_EXERCISE DESCRIPTION_
Repeat the entries exactly but omit the pictures.

_Stored items_
=== Section Start ===

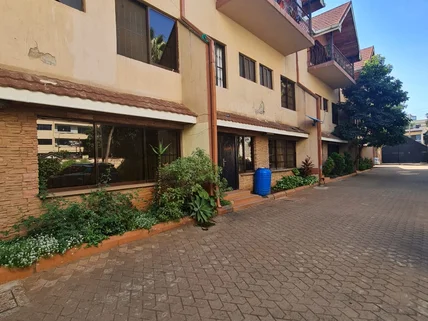 4-bedroom House for rent in Parklands, Westlands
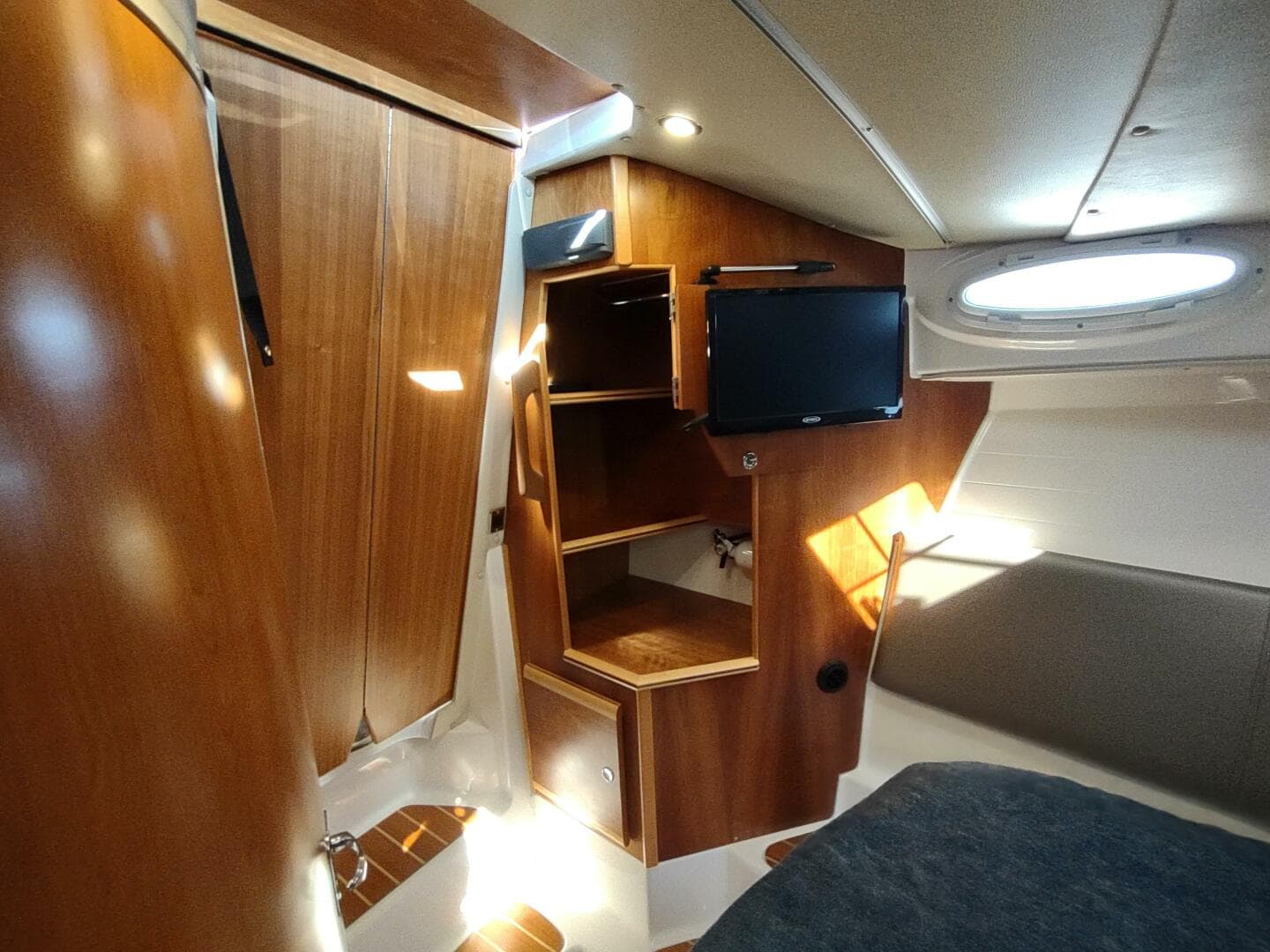 2020 Cutwater C-32 Coupe — photo 33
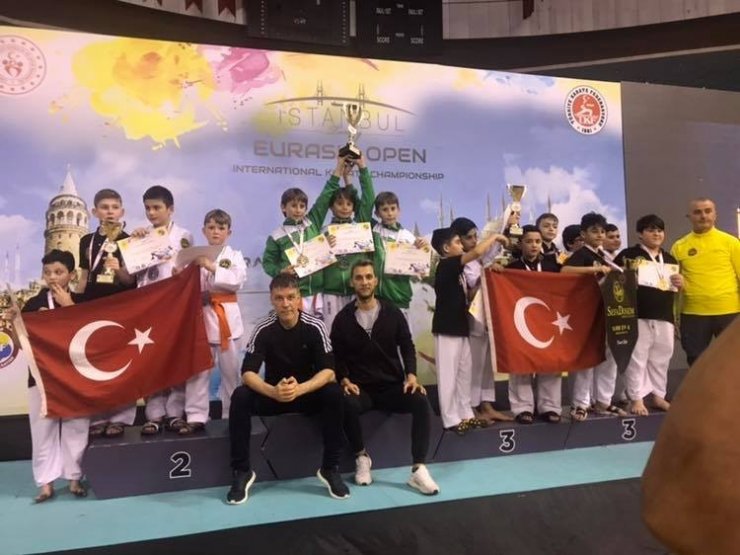 Mustafakemalpaşa Belediyesporlu karateciler madalyaları topladı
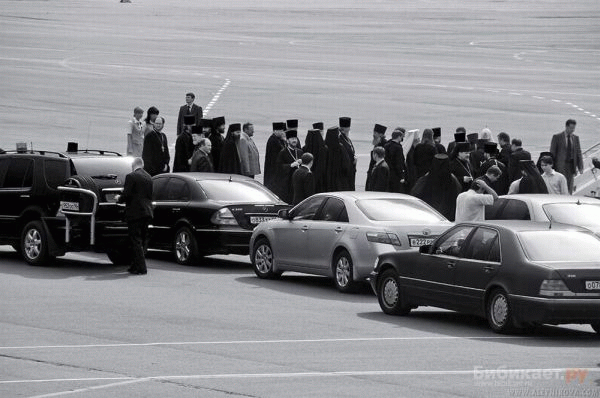 Priest_cars_03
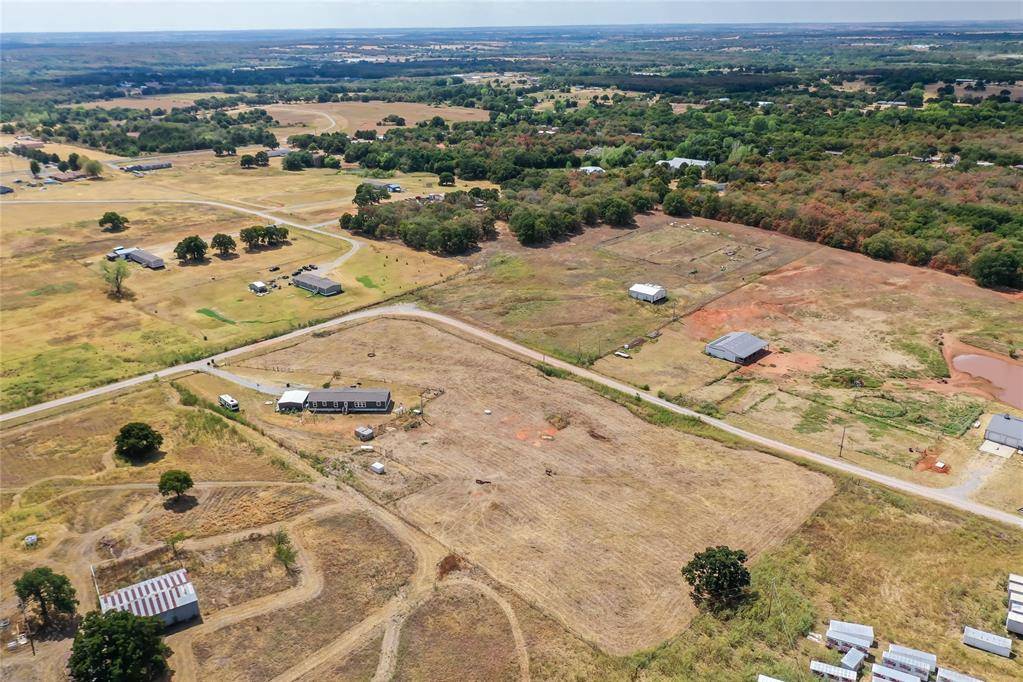 10655 192nd ST, Lindsay, OK 73052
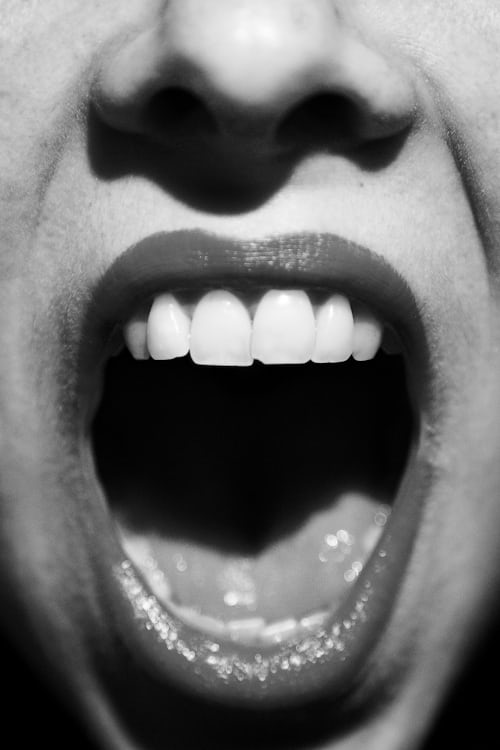 Mouth Breathing Weakens Your Jawline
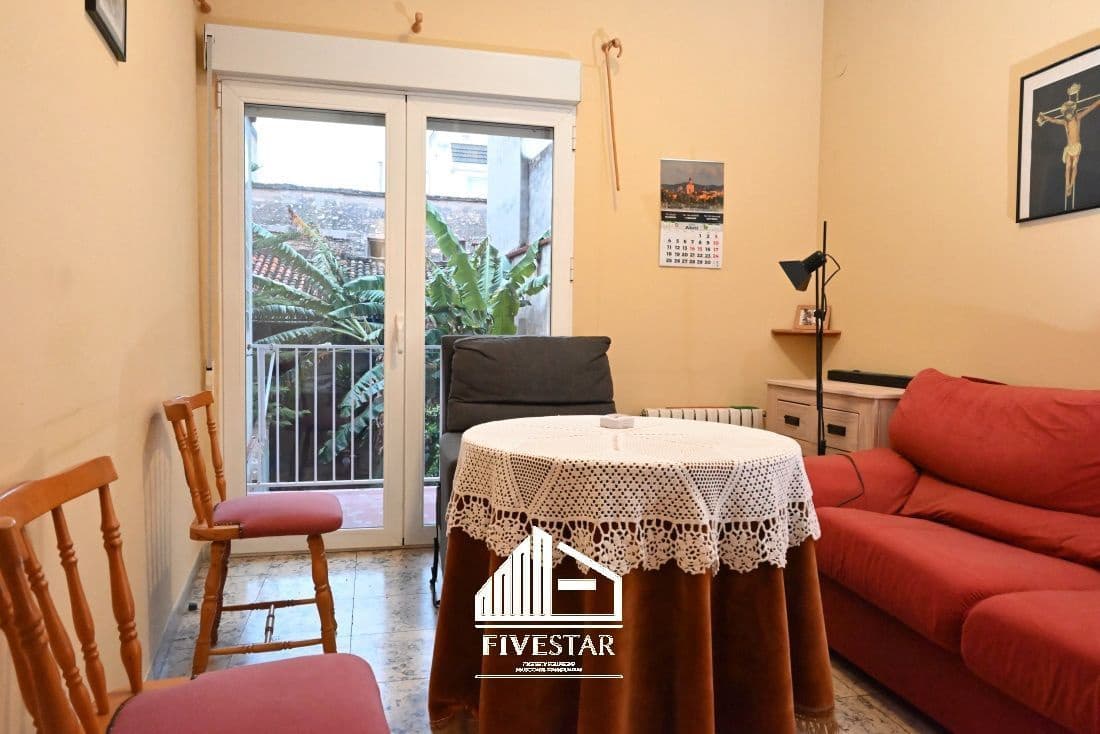 3 soveværelse Semi-Rækkehus til salg i Castello de la Ribera - € 180.000 (Ref: 8198017)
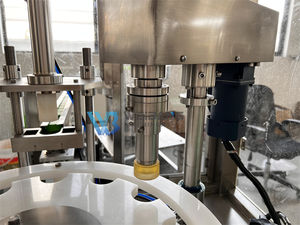 <span class=keywords><strong>Machine</strong></span> de remplissage et de bouchage automatique de jus, d'eau, de <span class=keywords><strong>sirop</strong></span>, de boissons énergisantes et de jus concentrés WB-YG6, très vendue - Product Image 5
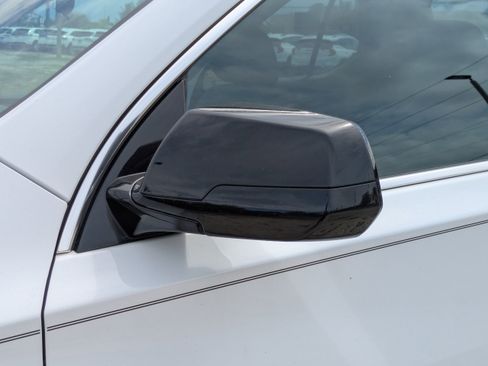 Used 2020 Chevrolet Traverse LS image 12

=== Section End ===

_RESULT FOR THIS EXERCISE_
 4-bedroom House for rent in Parklands, Westlands
 2020 Cutwater C-32 Coupe — photo 33
 Mustafakemalpaşa Belediyesporlu karateciler madalyaları topladı
 Priest_cars_03
 10655 192nd ST, Lindsay, OK 73052
 Mouth Breathing Weakens Your Jawline
 3 soveværelse Semi-Rækkehus til salg i Castello de la Ribera - € 180.000 (Ref: 8198017)
 <span class=keywords><strong>Machine</strong></span> de remplissage et de bouchage automatique de jus, d'eau, de <span class=keywords><strong>sirop</strong></span>, de boissons énergisantes et de jus concentrés WB-YG6, très vendue - Product Image 5
 Used 2020 Chevrolet Traverse LS image 12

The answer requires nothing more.